I have AT&T and have their DSL service-- do these types of wireless telephone jacks severly interfere with DSL? Unfortunately- the house I moved into only has TWO telephone jacks in the entire house, one in the kitchen and one in the bedroom -- so I've got my phone plugged into one and my DSL plugged into the other. 

Anyway-- long story short I'm looking for some information on these wireless telephone jacks and whether anybody has had any success with them. I greatly appreciate any help anyone can give.


----------



## HobbyTalk (Jul 14, 2007)

Does your DSL modem from AT&T have a router built-in? You can tell by looking at it for additional network ports (most have 4 ports). If so all you would need is a HomePlug adaptor to plug into a wall outlet by the AT&T router and run a ethernet cable from it to the router. You then connect both receivers directly into the wall (not through a power strip) and they will connect via the internet.

Downside is you will not get caller ID on the screen. You can find more info here about HomePlug by searching on the word *homeplug*. They can be found on eBay for about $30


----------



## generj (Mar 7, 2003)

They will work just fine. Check the Dish website as they offer a set. You don't mention the receiver mode, but if you don't care about the caller ID feature, but the charge for the receivers, you could connect to your DSL either wired or wireless and save the monthly fee.


----------



## jlblodgett (Feb 22, 2008)

HobbyTalk said:


> Does your DSL modem from AT&T have a router built-in? You can tell by looking at it for additional network ports (most have 4 ports).


No- the DSL modem does not have a built in router. It is just a modem with a single jack to the wall (telephone) outlet and a single Ethernet jack.

After doing a bit more searching of the forums I have seen that many people have used these wireless telephone jacks-- I guess I am most curious as to which kinds people have had success with, and specifically had success with when they have also operated a DSL modem.


----------



## jlblodgett (Feb 22, 2008)

generj said:


> They will work just fine. Check the Dish website as they offer a set. You don't mention the receiver mode, but if you don't care about the caller ID feature, but the charge for the receivers, you could connect to your DSL either wired or wireless and save the monthly fee.

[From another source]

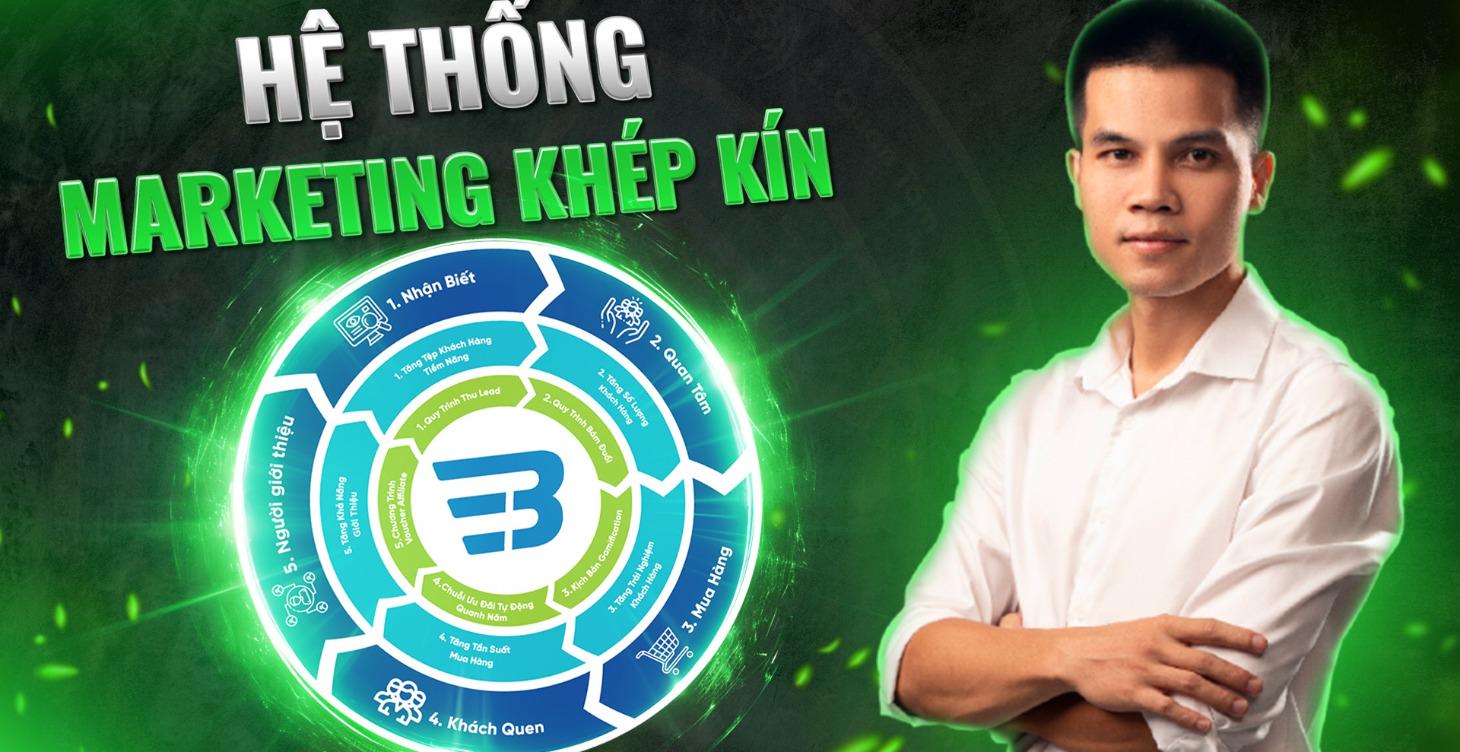CHUYỂN GIAO HỆ THỐNG MARKETING KHÉP KÍN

I have a 2 TV DVR (the 625, I believe) and a 2 TV standard receiver (the 322, I believe).

There is a way to connect them to my wifi network???


----------



## tsmacro (Apr 28, 2005)

jlblodgett said:


> No- the DSL modem does not have a built in router. It is just a modem with a single jack to the wall (telephone) outlet and a single Ethernet jack.
> 
> After doing a bit more searching of the forums I have seen that many people have used these wireless telephone jacks-- I guess I am most curious as to which kinds people have had success with, and specifically had success with when they have also operated a DSL modem.


At my last house I had wireless jacks and DSL and it worked just fine. I honestly don't remember if there was any particular brand name, I just had a Dish retailer order them for me.


----------



## HobbyTalk (Jul 14, 2007)

You can use a wireless gaming controller to connect via wireless.


----------



## dennispap (Feb 1, 2007)

jlblodgett said:


> No- the DSL modem does not have a built in router. It is just a modem with a single jack to the wall (telephone) outlet and a single Ethernet jack.
> 
> After doing a bit more searching of the forums I have seen that many people have used these wireless telephone jacks-- I guess I am most curious as to which kinds people have had success with, and specifically had success with when they have also operated a DSL modem.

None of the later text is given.